Over the years, my friend Joe and I had amassed a pretty impressive collection of odd VHS tapes that we found at thrift stores and garage sales. When friends would come over to hang out, we’d pop in our latest finds and sort of make fun of them as we went along.

Then, five years ago, a friend suggested that we take our little dog-and-pony show out of the living room and into a theater. So we rented out this space in the back of a bar in New York and, to our surprise, people beyond just our immediate circle of friends showed up and had a pretty good time. Then we started getting offers to bring the show elsewhere, so we decided to entertain those offers. The show has evolved somewhat since 2004—it’s gotten a little more polished and involved—but it’s still just two guys showing off their video collection.

Do you have a favorite clip?

It changes from day to day, but right now I’m really enamored with this reel of outtakes from a local furniture commercial in Corpus Christi, Texas. It stars this guy who calls himself Bargain Bernie, who was probably a really good waterbed salesman, but perhaps not the best on-camera talent. But that’s what makes him all the more charming and lovable.

How racy does the footage get?

We don’t intentionally try to find racy material, but for whatever reason, there ends up being a fair share of swearing and nudity in the show. Of course, if you’re looking to our show for prurient entertainment, you’ll be sorely disappointed.

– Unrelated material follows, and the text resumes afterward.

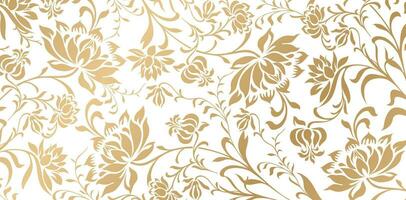 seamless pattern with peony flowers leaves golden colors handdrawn floral ornament for wedding invitation, greeting cards, textile, wallpapers, packaging, wrapping papers material vector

Trust me, this is nudity you don’t want to see, but one thing we’ve learned in doing the show is that wieners will always get laughs.

Share the weirdest source for a clip?

In our last show, we played a home movie that was found inside of a VHS camcorder at an estate sale. When we got the camera home and plugged in the battery, we found this tape still inside, and the footage rivaled a David Lynch movie in terms of weirdness. I guess the lesson is, if you’re planning on selling your VHS camcorder, eject the tape first.

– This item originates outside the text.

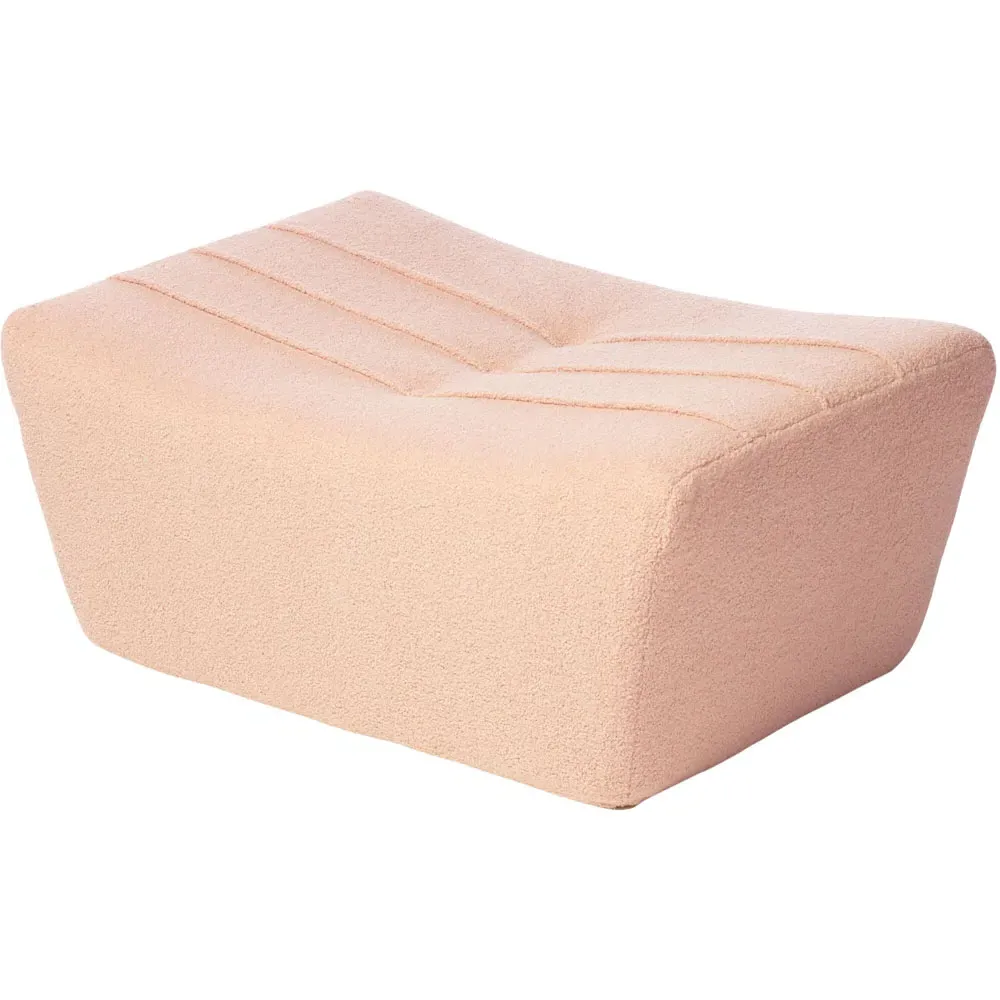 Cosy Pouffe Footstool - Pink, Boucle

Or better yet, don’t. We need more material.

Has anyone in the audience ever had additional facts about a clip?

Oh yeah, that happens all the time.

Part of the fun for us is obsessing over this footage, learning the back story and sharing it with people, so we’re always hungry for new information about our footage.

A couple of months ago, we were showing an instructional video for a male pleasure device at a show in New York and someone came up afterward and told us they knew the son of the guy who invented this thing. So we booked the first flight to Illinois to track the guy down, and we’ll be showing a video of our trip in the new show we’re bringing to Sacramento.

Has the festival ever just totally flopped with an audience? Do people ever walk out? Do you get hecklers?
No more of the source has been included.